# [PROMPT]
Please print nothing but the lines from the one containing "Building Photo - 2401 Lowell Ave" to the final line below, exactly, and no pictures.

***** DATA PROVIDED

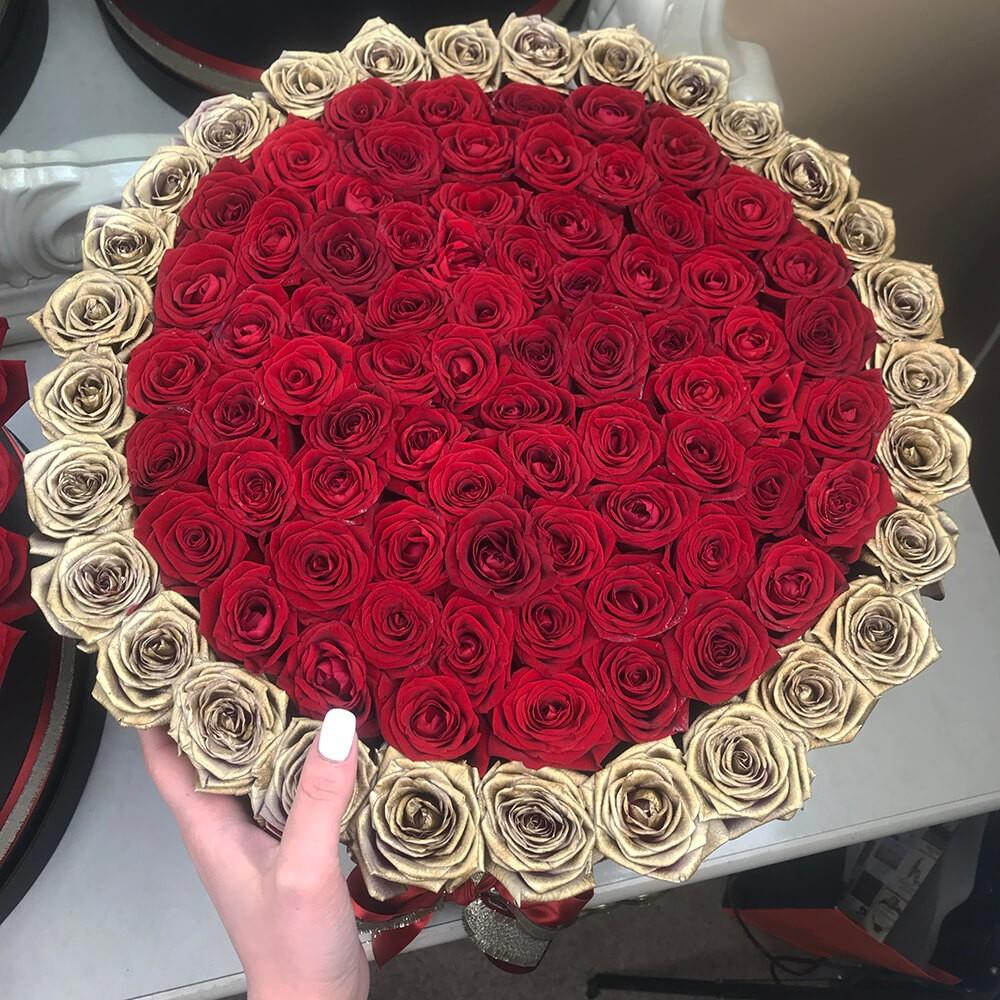 Красные розы с окантовкой - 81 шт.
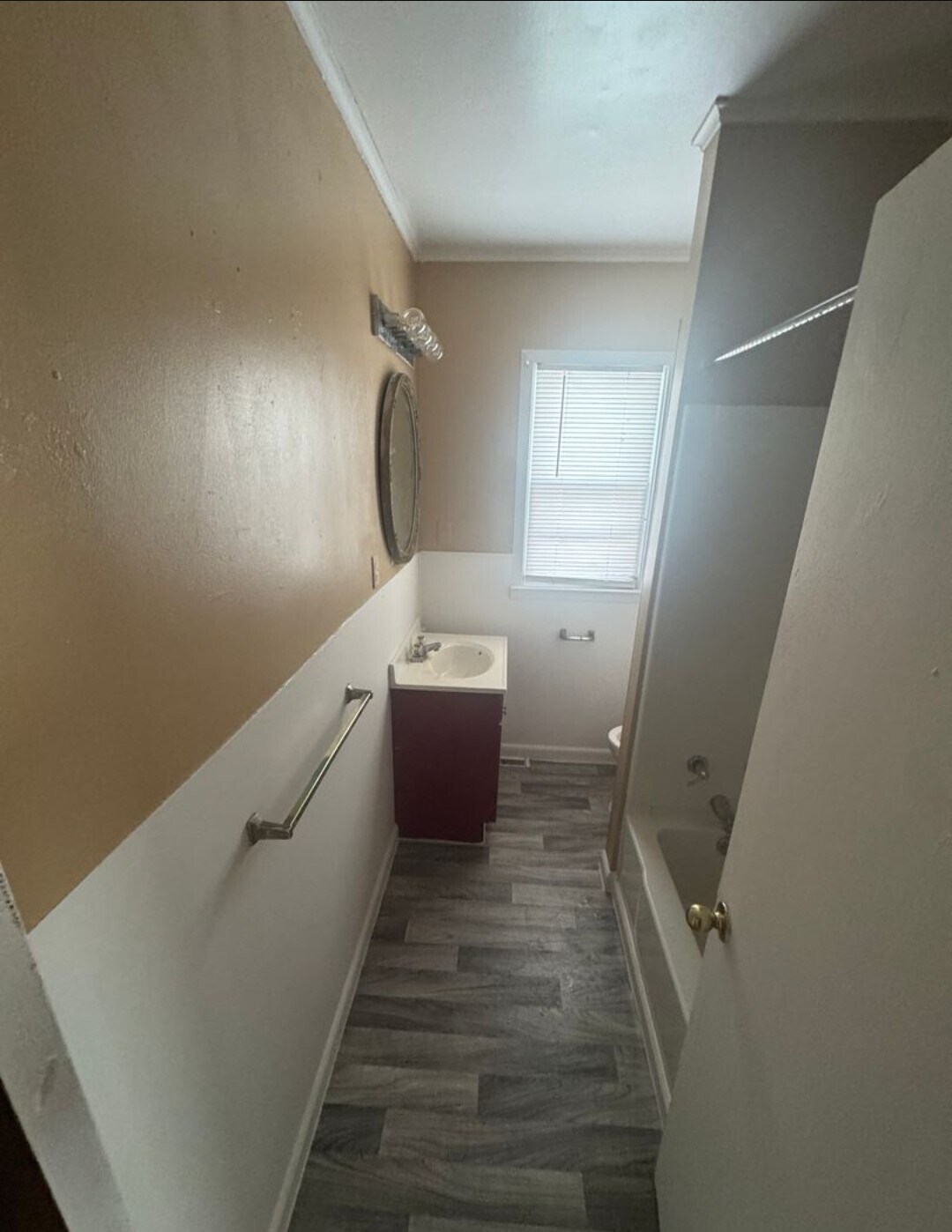 Building Photo - 2401 Lowell Ave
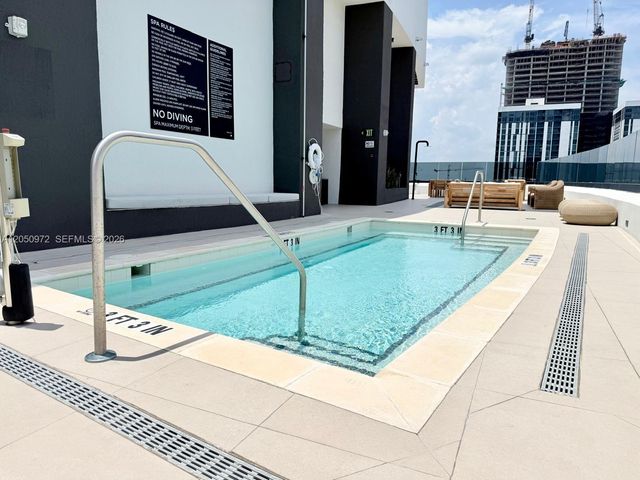 225 N Miami Ave 308, Miami, FL 33128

**********

# [SOLUTION TO THE PROBLEM]
 Building Photo - 2401 Lowell Ave
 225 N Miami Ave 308, Miami, FL 33128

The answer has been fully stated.